In this economy, it seems like a crime not to accept any reasonable job offer. The nation's unemployment is at 9.1%, so consider yourself lucky to be employed or haveing that olive branch extended to you. Right? We used to be counseled not to jump right on the first job offer that comes our way, but now, who knows when the next one is coming?
Well, I'll argue that with the unemployment rates for PhDs being closer to 2%, you have a lot more leverage than the general population. In fact, I'm willing to put out this argument strongly enough to turn down two offers for the wrong job. I mean, jumping through the hoops of the job hunt isn't fun, but I am doing it so I can get a job that helps me move ahead and advance my career.
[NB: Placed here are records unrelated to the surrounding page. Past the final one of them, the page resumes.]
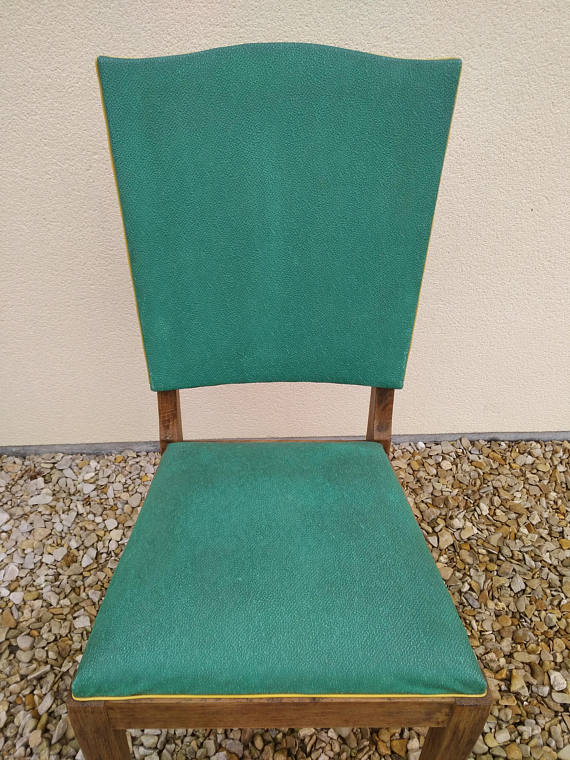 Skai vintage and sitting Chair wood and springs.
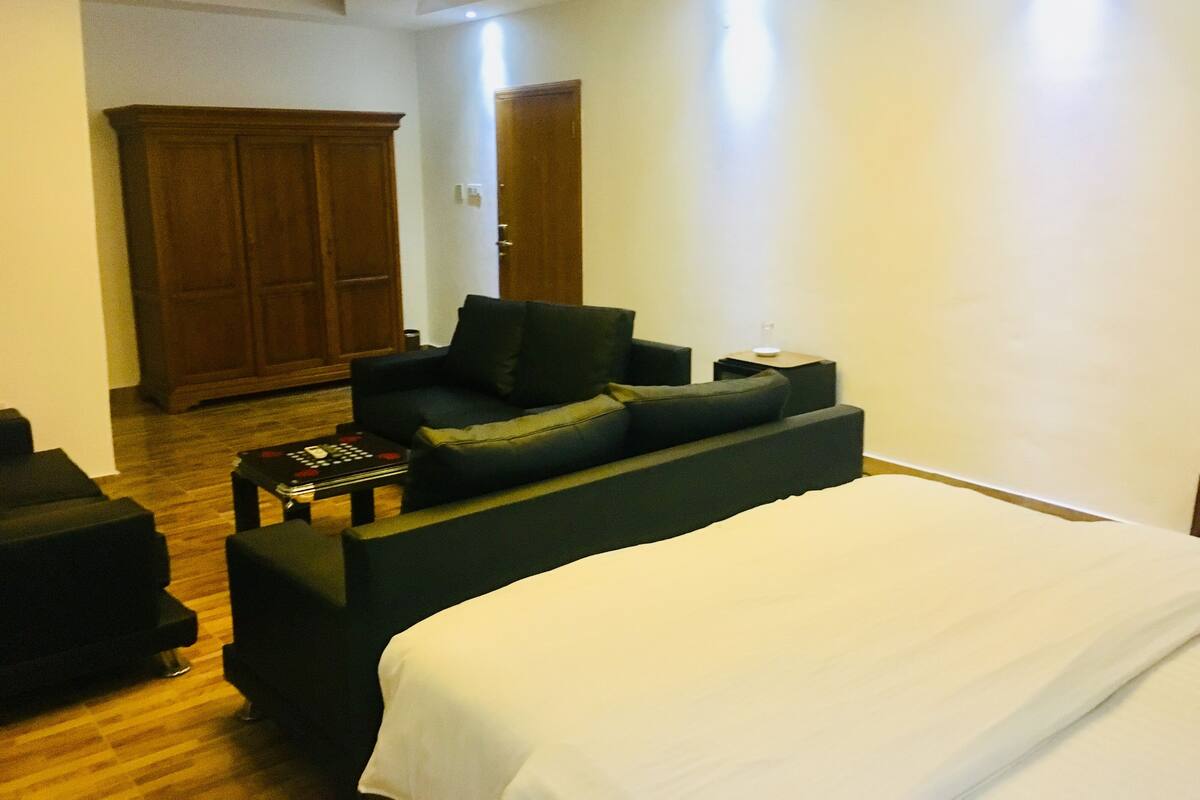 Una habitación de hotel moderna con una cama grande, un sofá oscuro, una pequeña mesa de centro y un armario de madera.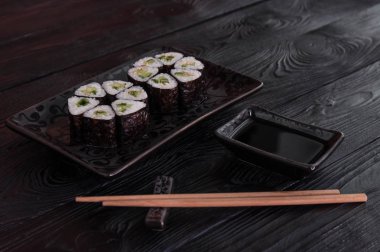 Rulo maki sushi siyah taş tabakta gelen çiçek. Taze yapılmış suşi peynir ve salatalık ile ayarlayın. Geleneksel Japon mutfağı. 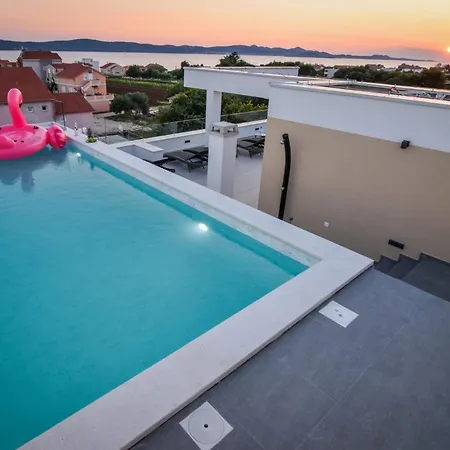 With Heated Rooftop Pool,
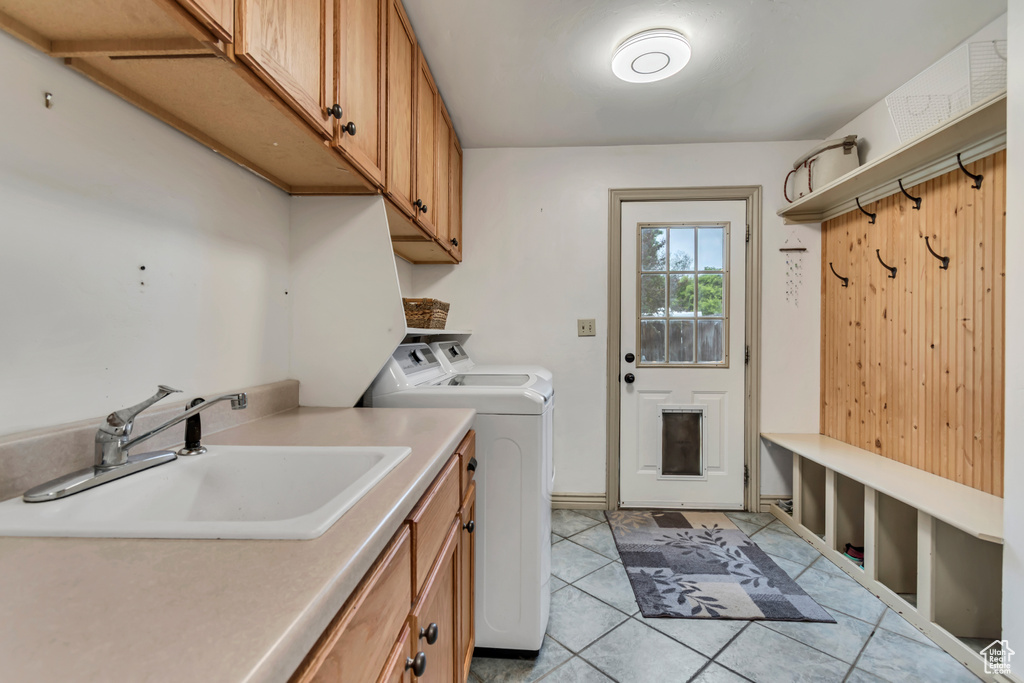 Laundry area with separate washer and dryer, light tile patterned floors, and cabinet space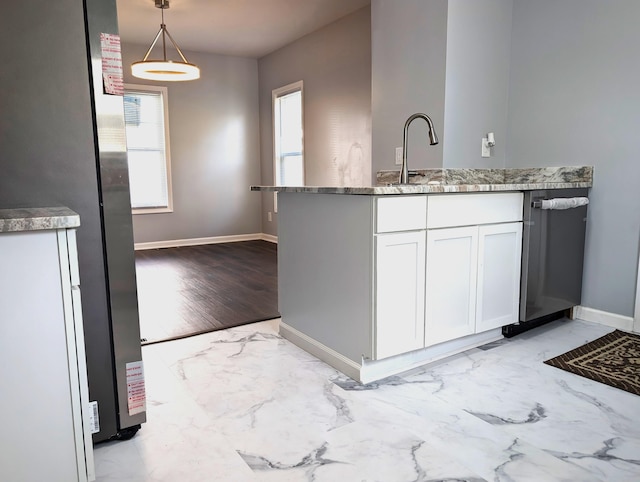 140 Stanley Ave, Jackson, MI 49203 - kitchen with light marble finish flooring, white cabinetry, baseboards, hanging light fixtures, and stainless steel appliances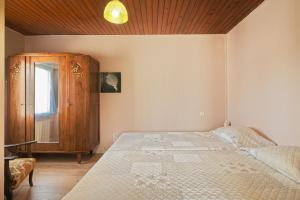 a bedroom with a bed and a wooden ceiling at La petite maison in Monthault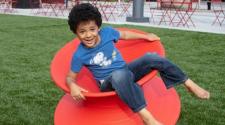This image shows a young boy on the spin chairs at Broadway Square.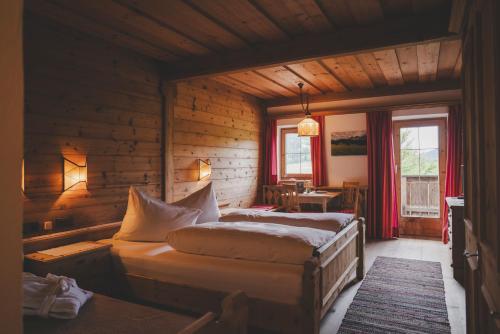a bedroom with two beds in a wooden room at Demeterhof Knolln in Söll
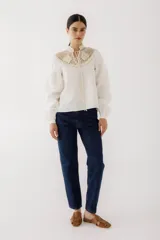 Blusa negra con cuello de crochet hecho a mano, cuerpo de lino y mangas amplias que se ajustan al puño.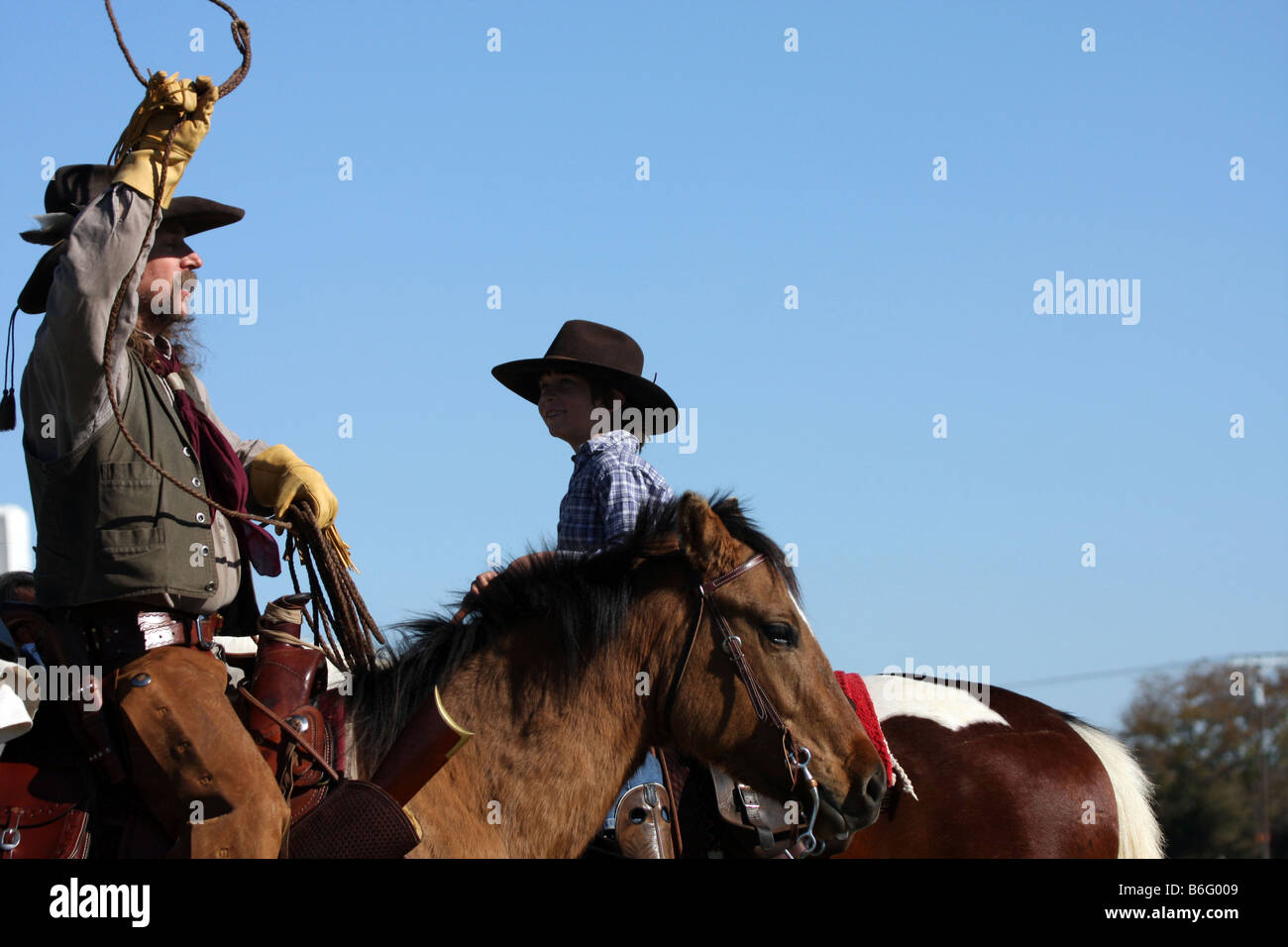 A cowboy father on horseback showing his son how to throw a rope to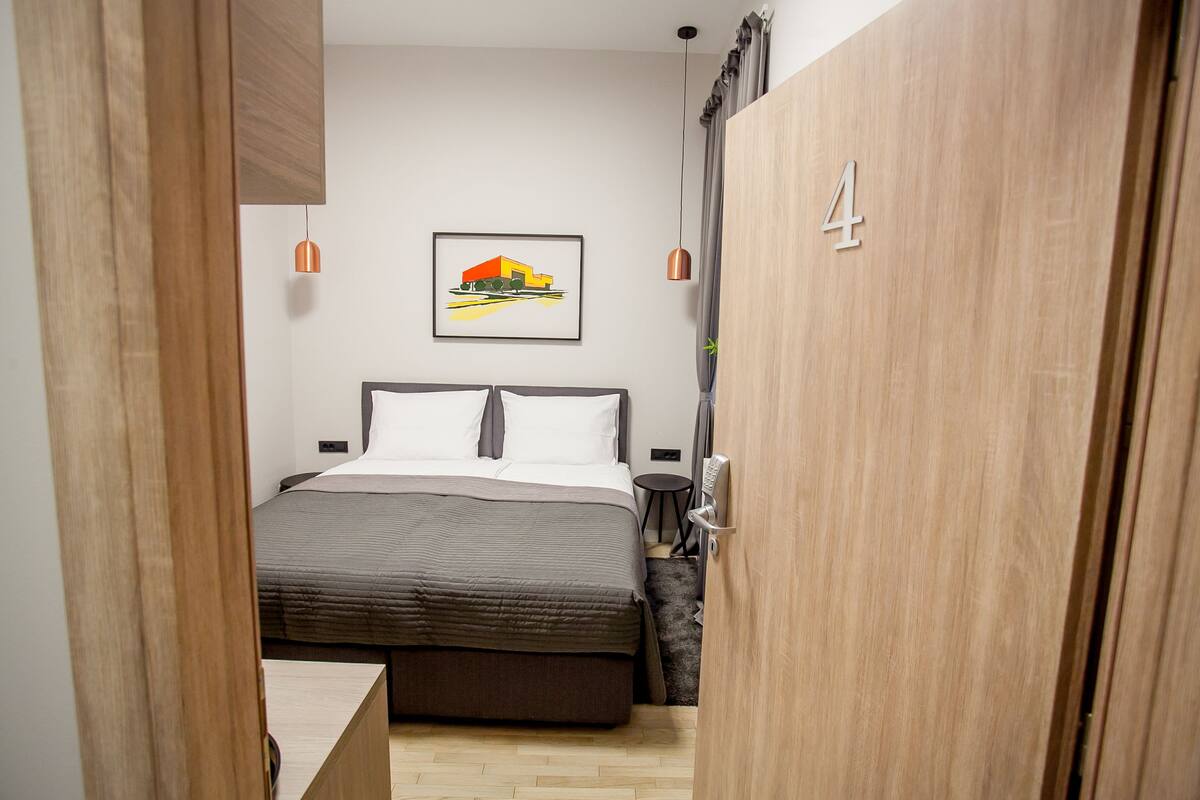 A bedroom with a bed, a bedside table, a chair, a wardrobe, and a framed picture on the wall.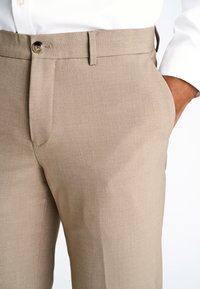 Pantaloni beige su misura con una texture liscia, gamba dritta e chiusura con un bottone in vita. Presentano tasche laterali e passanti per la cintura.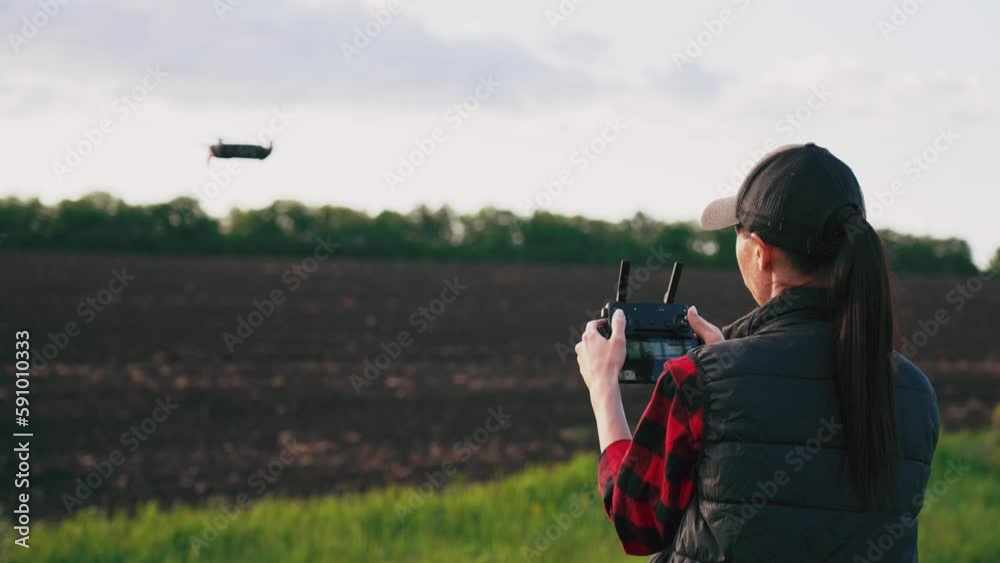 Woman farmer in hat standing in green wheat field and controlling of drone which flying above margin. Technologies in farming. Innovations for increasing productivity in agriculture. Woman farmer in hat standing in green wheat field and controlling of drone which flying above margin. Technologies in farming. Innovations for increasing productivity in agriculture.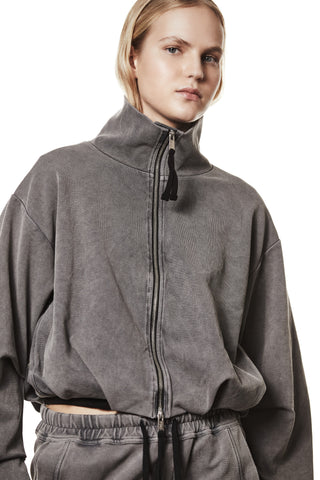 Thom Krom Jacket WSJ 494 used grey: Person trägt graue Jacke mit hohem Kragen, schwarzen Zugbändern und Reißverschluss, kombiniert mit grauer Hose. Jacke zeigt weite Ärmel und elastischen Saum.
I'm willing to settle for positions that aren't my dream job, but they've gotta provide me more opportunity, new skills, or a step into a direction I am interested in going.
My reasons for turning down jobs?
1) They won't add anything new or helpful to my resume. It's fairly easy to pick up a semester of teaching if you are in the right place at the right time. But I have enough teaching experience to know that I'm not interested in being a professor, and probably enough teaching experience to make the case for being able to teach in other contexts (like training, or giving seminars or something). So what would teaching another semester do for me? Give me a job (a plus), but keep me on a semester long contract where I might be too busy to pursue opportunities outside the classroom (big minus). I opted to use my time to find a better match for my interests.
2) There's no way forward. I also turned down a job with poor pay, not just because of the poor pay, but because it wasn't clear that I could be promoted out of that position, or would be in a good geographical location to network my way into better positions. Like I said, I am willing to make compromises to reach my long term goals, but I still want to reach my long term goals.
I am looking for a career that I can be passionate about, no matter what direction it takes me. That's why I've committed so much time to it so far, so I really don't want to sell myself short or give up on the opportunity to get engaged in some meaningful work. I'm really hoping this gamble will pay off.